Flowchart illustrating the functioning of the DSSAT CERES-Maize model.

Model calibration and evaluation

To ensure accurate simulations in DSSAT, cultivar coefficients tailored to local conditions and crop varieties must be calibrated under optimum conditions21,59. Six cultivar coefficients (P1, P2, P5, G2, G3, and PHINT)55, three representing crop duration (P1, P2 and P5), two representing grain filling (i.e., G2 and G3), and one representing leaf area and leaf area duration by phylochron interval between successive leaf tip appearances (PHINT), were used in the CSM-CERES-Maize model, and these were calibrated for the PMH1 cultivar using the DSSAT-GLUE tool to match simulated and measured biometric variables and phenological stages. When the day length is less than 14 h, the silking rate is governed by P1 as the second variable P2 has no role in governing the phenology of the maize. P2 is used when the day length is more than 14 h. The P1 was adjusted till the simulated value matched with observed value. Similarly, P5 was adjusted to calibrate the duration between silking to physiological maturity. In a nut shell, first three variables (P1, P2 and P5) govern the crop duration; the other two (G2 and G3) control the grain yield and the last one (PHINT) controls the leaf area and leaf area duration.

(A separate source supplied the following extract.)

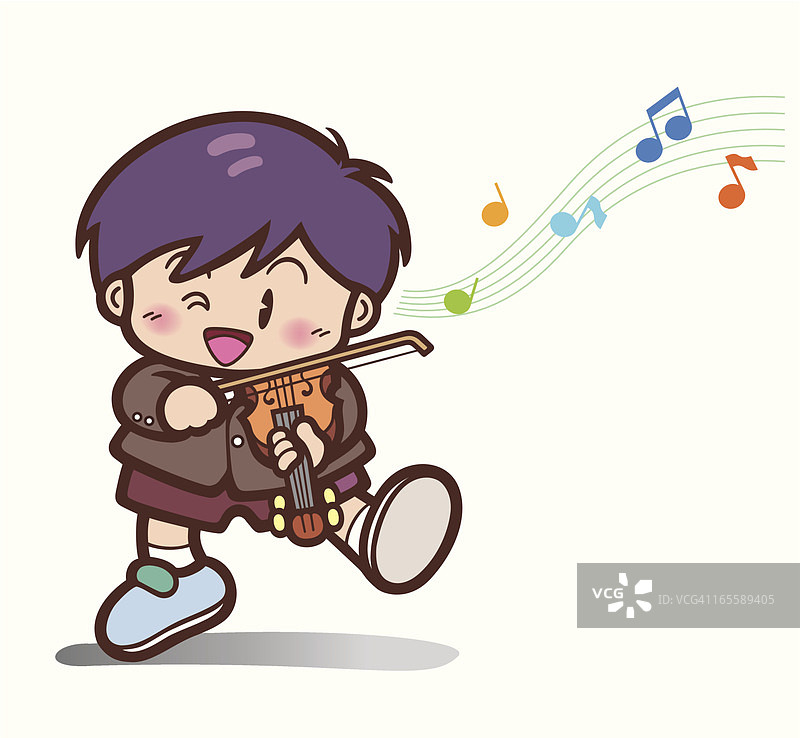 儿童小提琴家图片素材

For calibration, average values of key crop parameter such as days to 50% anthesis, and physiological maturity, maximum LAI, soil nitrate content, nitrogen uptake and, grain and biomass yield was obtained from nitrogen and water stress free plots in the 2019 and 2020 growing seasons. Subsequently, the calibrated coefficients' performance was validated against an independent dataset from a 2021 field experiment exploring tillage and nitrogen interactions, utilizing the same parameters as in calibration.

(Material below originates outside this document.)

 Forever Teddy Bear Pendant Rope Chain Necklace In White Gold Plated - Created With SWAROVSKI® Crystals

Model performance evaluation

Comprehensive evaluation of the DSSAT model performance was carried out by comparing the observed and model-simulated data using deviation statistics, such as prediction error (PE), root mean square error (RMSE), normalized RMSE (nRMSE), and coefficient of determination (R2). Additionally, regression analysis was performed to compare the simulated and measured grain yields. The prediction error, PE is defined as follows:

$${\text{PE}} = \frac{{\left( {P_{i} - O_{i} } \right)}}{{O_{i} }} \times 100$$
(4)

where Pi is predicted/simulated value, Oi is observed value.

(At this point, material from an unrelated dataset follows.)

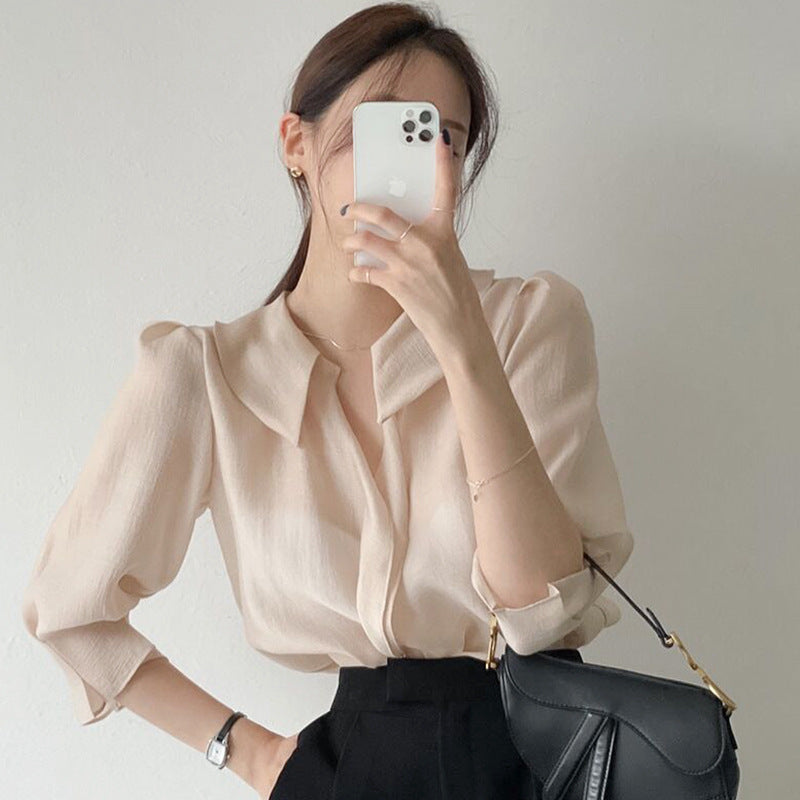 Collar loose wild single-breasted mesh slightly transparent puff sleeve shirt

Prediction is considered to be excellent if PE value is close to zero.

The root mean square error (RMSE)60 was used to calculate the fitness between the simulated and measured results. The RMSE summarizes the average difference between observed and predicted values and is expressed as follows:

$${\text{RMSE}}=\sqrt{\frac{1}{n}\sum_{i=1}^{n}{\left({P}_{i}-{O}_{i}\right)}^{2}}$$
(5)

The normalized RMSE is expressed as RMSE as percent over the mean observed value.

$${\text{nRMSE}}\;\left( \% \right) = \left( {{\text{RMSE}}/{\overline{\text{O}}}} \right) \times {1}00$$
(6)

where Pi is predicted/simulated value, Oi is observed value, Ō is observed mean and n is the number of samples. The nRMSE (%) shows the relative difference between the predicted/simulated and observed data. The prediction is considered excellent, good, fair and poor for the nRMSE < 10%, 10–20%, 20–30% and > 30%, respectively60,61.

Permit statement

This study was conducted at IARI, and the authorship and acknowledgements have been appropriately attributed to each contributor based on their respective contributions.

The Experimental research and field studies on maize plants (cultivated), including the collection of plant material, were complied with relevant institutional, national, and international guidelines and legislation.